= THE DATA =
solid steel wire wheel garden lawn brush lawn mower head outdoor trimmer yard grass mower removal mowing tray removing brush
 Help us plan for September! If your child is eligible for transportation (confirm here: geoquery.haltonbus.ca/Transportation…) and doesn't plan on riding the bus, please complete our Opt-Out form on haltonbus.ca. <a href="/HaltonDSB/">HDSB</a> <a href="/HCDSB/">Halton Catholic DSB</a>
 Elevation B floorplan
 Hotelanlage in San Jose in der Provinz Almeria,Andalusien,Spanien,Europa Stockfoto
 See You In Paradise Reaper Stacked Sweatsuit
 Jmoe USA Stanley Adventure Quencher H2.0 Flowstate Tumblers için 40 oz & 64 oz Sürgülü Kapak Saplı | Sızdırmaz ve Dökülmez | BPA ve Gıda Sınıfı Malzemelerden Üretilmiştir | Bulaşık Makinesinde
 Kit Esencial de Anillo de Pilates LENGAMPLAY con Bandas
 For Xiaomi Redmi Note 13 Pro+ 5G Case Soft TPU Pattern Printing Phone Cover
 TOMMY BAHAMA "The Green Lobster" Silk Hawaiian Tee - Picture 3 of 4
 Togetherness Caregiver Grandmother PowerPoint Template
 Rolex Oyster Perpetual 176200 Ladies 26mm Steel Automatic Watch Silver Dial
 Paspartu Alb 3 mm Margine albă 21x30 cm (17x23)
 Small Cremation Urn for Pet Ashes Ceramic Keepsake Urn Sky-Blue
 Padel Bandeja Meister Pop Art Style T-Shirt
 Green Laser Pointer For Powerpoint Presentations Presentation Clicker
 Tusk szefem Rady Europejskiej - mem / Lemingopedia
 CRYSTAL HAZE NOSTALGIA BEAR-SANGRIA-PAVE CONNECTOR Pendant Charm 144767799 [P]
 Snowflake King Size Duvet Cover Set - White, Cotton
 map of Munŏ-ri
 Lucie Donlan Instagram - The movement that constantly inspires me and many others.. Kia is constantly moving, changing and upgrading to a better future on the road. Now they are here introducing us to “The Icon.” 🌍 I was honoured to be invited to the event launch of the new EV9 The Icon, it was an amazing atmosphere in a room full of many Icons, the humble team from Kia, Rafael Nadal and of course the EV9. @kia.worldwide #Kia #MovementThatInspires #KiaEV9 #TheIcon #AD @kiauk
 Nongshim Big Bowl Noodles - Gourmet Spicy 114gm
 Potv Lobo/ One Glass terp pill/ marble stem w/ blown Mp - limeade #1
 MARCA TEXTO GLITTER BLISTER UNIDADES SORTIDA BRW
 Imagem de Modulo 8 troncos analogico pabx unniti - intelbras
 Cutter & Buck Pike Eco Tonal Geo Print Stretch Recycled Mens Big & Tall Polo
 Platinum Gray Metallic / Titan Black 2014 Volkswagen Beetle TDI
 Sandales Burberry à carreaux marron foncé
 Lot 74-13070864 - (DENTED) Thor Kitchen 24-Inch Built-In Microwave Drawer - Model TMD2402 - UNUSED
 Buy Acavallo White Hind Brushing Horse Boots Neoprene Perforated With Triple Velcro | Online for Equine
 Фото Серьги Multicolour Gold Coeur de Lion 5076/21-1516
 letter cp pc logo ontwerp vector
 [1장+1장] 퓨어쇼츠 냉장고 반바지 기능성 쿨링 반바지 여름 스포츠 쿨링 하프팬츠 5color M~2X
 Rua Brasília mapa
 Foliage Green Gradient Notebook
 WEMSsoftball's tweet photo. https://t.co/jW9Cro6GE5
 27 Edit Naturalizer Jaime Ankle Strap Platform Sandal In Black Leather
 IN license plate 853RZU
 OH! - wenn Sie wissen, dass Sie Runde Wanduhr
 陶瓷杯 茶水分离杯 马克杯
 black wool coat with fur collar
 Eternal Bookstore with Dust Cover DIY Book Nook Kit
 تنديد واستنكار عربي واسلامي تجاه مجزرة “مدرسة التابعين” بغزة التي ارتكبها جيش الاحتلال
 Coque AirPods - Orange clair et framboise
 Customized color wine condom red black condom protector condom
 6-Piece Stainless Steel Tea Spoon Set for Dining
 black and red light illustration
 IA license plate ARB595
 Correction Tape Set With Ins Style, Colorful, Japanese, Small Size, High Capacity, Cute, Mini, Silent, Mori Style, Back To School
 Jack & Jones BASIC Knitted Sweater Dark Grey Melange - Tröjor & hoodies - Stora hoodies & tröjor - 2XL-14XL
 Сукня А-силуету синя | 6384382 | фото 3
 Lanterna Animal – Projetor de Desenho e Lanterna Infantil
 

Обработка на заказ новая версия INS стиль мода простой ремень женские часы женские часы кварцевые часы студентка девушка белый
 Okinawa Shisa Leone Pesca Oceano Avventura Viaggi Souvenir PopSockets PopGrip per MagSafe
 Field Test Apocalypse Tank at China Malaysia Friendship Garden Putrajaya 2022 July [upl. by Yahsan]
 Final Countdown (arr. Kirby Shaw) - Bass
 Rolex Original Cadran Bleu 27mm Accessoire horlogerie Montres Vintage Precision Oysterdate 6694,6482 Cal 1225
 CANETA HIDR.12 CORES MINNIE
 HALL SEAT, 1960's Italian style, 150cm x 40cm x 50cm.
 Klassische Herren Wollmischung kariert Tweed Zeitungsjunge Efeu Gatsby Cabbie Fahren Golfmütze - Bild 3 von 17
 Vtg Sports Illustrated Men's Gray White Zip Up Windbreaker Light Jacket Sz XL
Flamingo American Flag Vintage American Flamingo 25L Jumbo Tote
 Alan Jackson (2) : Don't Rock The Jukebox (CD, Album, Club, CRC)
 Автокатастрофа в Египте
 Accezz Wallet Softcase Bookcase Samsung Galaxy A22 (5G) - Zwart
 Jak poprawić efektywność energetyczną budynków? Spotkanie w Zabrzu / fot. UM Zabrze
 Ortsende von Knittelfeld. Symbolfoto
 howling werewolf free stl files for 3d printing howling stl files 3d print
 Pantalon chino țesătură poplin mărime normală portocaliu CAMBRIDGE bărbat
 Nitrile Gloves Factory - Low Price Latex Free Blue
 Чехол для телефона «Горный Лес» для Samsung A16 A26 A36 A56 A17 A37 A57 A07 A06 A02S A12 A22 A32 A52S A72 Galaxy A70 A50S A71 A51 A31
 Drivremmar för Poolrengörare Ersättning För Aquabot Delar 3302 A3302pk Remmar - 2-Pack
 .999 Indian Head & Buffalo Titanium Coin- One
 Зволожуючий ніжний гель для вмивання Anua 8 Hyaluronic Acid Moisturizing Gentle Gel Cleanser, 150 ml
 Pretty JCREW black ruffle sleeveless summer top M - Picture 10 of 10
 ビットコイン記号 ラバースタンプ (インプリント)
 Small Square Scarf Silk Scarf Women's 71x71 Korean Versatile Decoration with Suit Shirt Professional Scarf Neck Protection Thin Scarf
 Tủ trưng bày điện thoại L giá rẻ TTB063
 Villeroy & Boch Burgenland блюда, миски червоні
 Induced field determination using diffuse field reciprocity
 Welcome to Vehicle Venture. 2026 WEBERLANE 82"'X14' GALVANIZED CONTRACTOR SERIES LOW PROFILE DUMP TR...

= TASK DESCRIPTION =
After reading through the records, retype all of them exactly.

= EXERCISE SOLUTION =
solid steel wire wheel garden lawn brush lawn mower head outdoor trimmer yard grass mower removal mowing tray removing brush
 Help us plan for September! If your child is eligible for transportation (confirm here: geoquery.haltonbus.ca/Transportation…) and doesn't plan on riding the bus, please complete our Opt-Out form on haltonbus.ca. <a href="/HaltonDSB/">HDSB</a> <a href="/HCDSB/">Halton Catholic DSB</a>
 Elevation B floorplan
 Hotelanlage in San Jose in der Provinz Almeria,Andalusien,Spanien,Europa Stockfoto
 See You In Paradise Reaper Stacked Sweatsuit
 Jmoe USA Stanley Adventure Quencher H2.0 Flowstate Tumblers için 40 oz & 64 oz Sürgülü Kapak Saplı | Sızdırmaz ve Dökülmez | BPA ve Gıda Sınıfı Malzemelerden Üretilmiştir | Bulaşık Makinesinde
 Kit Esencial de Anillo de Pilates LENGAMPLAY con Bandas
 For Xiaomi Redmi Note 13 Pro+ 5G Case Soft TPU Pattern Printing Phone Cover
 TOMMY BAHAMA "The Green Lobster" Silk Hawaiian Tee - Picture 3 of 4
 Togetherness Caregiver Grandmother PowerPoint Template
 Rolex Oyster Perpetual 176200 Ladies 26mm Steel Automatic Watch Silver Dial
 Paspartu Alb 3 mm Margine albă 21x30 cm (17x23)
 Small Cremation Urn for Pet Ashes Ceramic Keepsake Urn Sky-Blue
 Padel Bandeja Meister Pop Art Style T-Shirt
 Green Laser Pointer For Powerpoint Presentations Presentation Clicker
 Tusk szefem Rady Europejskiej - mem / Lemingopedia
 CRYSTAL HAZE NOSTALGIA BEAR-SANGRIA-PAVE CONNECTOR Pendant Charm 144767799 [P]
 Snowflake King Size Duvet Cover Set - White, Cotton
 map of Munŏ-ri
 Lucie Donlan Instagram - The movement that constantly inspires me and many others.. Kia is constantly moving, changing and upgrading to a better future on the road. Now they are here introducing us to “The Icon.” 🌍 I was honoured to be invited to the event launch of the new EV9 The Icon, it was an amazing atmosphere in a room full of many Icons, the humble team from Kia, Rafael Nadal and of course the EV9. @kia.worldwide #Kia #MovementThatInspires #KiaEV9 #TheIcon #AD @kiauk
 Nongshim Big Bowl Noodles - Gourmet Spicy 114gm
 Potv Lobo/ One Glass terp pill/ marble stem w/ blown Mp - limeade #1
 MARCA TEXTO GLITTER BLISTER UNIDADES SORTIDA BRW
 Imagem de Modulo 8 troncos analogico pabx unniti - intelbras
 Cutter & Buck Pike Eco Tonal Geo Print Stretch Recycled Mens Big & Tall Polo
 Platinum Gray Metallic / Titan Black 2014 Volkswagen Beetle TDI
 Sandales Burberry à carreaux marron foncé
 Lot 74-13070864 - (DENTED) Thor Kitchen 24-Inch Built-In Microwave Drawer - Model TMD2402 - UNUSED
 Buy Acavallo White Hind Brushing Horse Boots Neoprene Perforated With Triple Velcro | Online for Equine
 Фото Серьги Multicolour Gold Coeur de Lion 5076/21-1516
 letter cp pc logo ontwerp vector
 [1장+1장] 퓨어쇼츠 냉장고 반바지 기능성 쿨링 반바지 여름 스포츠 쿨링 하프팬츠 5color M~2X
 Rua Brasília mapa
 Foliage Green Gradient Notebook
 WEMSsoftball's tweet photo. https://t.co/jW9Cro6GE5
 27 Edit Naturalizer Jaime Ankle Strap Platform Sandal In Black Leather
 IN license plate 853RZU
 OH! - wenn Sie wissen, dass Sie Runde Wanduhr
 陶瓷杯 茶水分离杯 马克杯
 black wool coat with fur collar
 Eternal Bookstore with Dust Cover DIY Book Nook Kit
 تنديد واستنكار عربي واسلامي تجاه مجزرة “مدرسة التابعين” بغزة التي ارتكبها جيش الاحتلال
 Coque AirPods - Orange clair et framboise
 Customized color wine condom red black condom protector condom
 6-Piece Stainless Steel Tea Spoon Set for Dining
 black and red light illustration
 IA license plate ARB595
 Correction Tape Set With Ins Style, Colorful, Japanese, Small Size, High Capacity, Cute, Mini, Silent, Mori Style, Back To School
 Jack & Jones BASIC Knitted Sweater Dark Grey Melange - Tröjor & hoodies - Stora hoodies & tröjor - 2XL-14XL
 Сукня А-силуету синя | 6384382 | фото 3
 Lanterna Animal – Projetor de Desenho e Lanterna Infantil
 

Обработка на заказ новая версия INS стиль мода простой ремень женские часы женские часы кварцевые часы студентка девушка белый
 Okinawa Shisa Leone Pesca Oceano Avventura Viaggi Souvenir PopSockets PopGrip per MagSafe
 Field Test Apocalypse Tank at China Malaysia Friendship Garden Putrajaya 2022 July [upl. by Yahsan]
 Final Countdown (arr. Kirby Shaw) - Bass
 Rolex Original Cadran Bleu 27mm Accessoire horlogerie Montres Vintage Precision Oysterdate 6694,6482 Cal 1225
 CANETA HIDR.12 CORES MINNIE
 HALL SEAT, 1960's Italian style, 150cm x 40cm x 50cm.
 Klassische Herren Wollmischung kariert Tweed Zeitungsjunge Efeu Gatsby Cabbie Fahren Golfmütze - Bild 3 von 17
 Vtg Sports Illustrated Men's Gray White Zip Up Windbreaker Light Jacket Sz XL
Flamingo American Flag Vintage American Flamingo 25L Jumbo Tote
 Alan Jackson (2) : Don't Rock The Jukebox (CD, Album, Club, CRC)
 Автокатастрофа в Египте
 Accezz Wallet Softcase Bookcase Samsung Galaxy A22 (5G) - Zwart
 Jak poprawić efektywność energetyczną budynków? Spotkanie w Zabrzu / fot. UM Zabrze
 Ortsende von Knittelfeld. Symbolfoto
 howling werewolf free stl files for 3d printing howling stl files 3d print
 Pantalon chino țesătură poplin mărime normală portocaliu CAMBRIDGE bărbat
 Nitrile Gloves Factory - Low Price Latex Free Blue
 Чехол для телефона «Горный Лес» для Samsung A16 A26 A36 A56 A17 A37 A57 A07 A06 A02S A12 A22 A32 A52S A72 Galaxy A70 A50S A71 A51 A31
 Drivremmar för Poolrengörare Ersättning För Aquabot Delar 3302 A3302pk Remmar - 2-Pack
 .999 Indian Head & Buffalo Titanium Coin- One
 Зволожуючий ніжний гель для вмивання Anua 8 Hyaluronic Acid Moisturizing Gentle Gel Cleanser, 150 ml
 Pretty JCREW black ruffle sleeveless summer top M - Picture 10 of 10
 ビットコイン記号 ラバースタンプ (インプリント)
 Small Square Scarf Silk Scarf Women's 71x71 Korean Versatile Decoration with Suit Shirt Professional Scarf Neck Protection Thin Scarf
 Tủ trưng bày điện thoại L giá rẻ TTB063
 Villeroy & Boch Burgenland блюда, миски червоні
 Induced field determination using diffuse field reciprocity
 Welcome to Vehicle Venture. 2026 WEBERLANE 82"'X14' GALVANIZED CONTRACTOR SERIES LOW PROFILE DUMP TR...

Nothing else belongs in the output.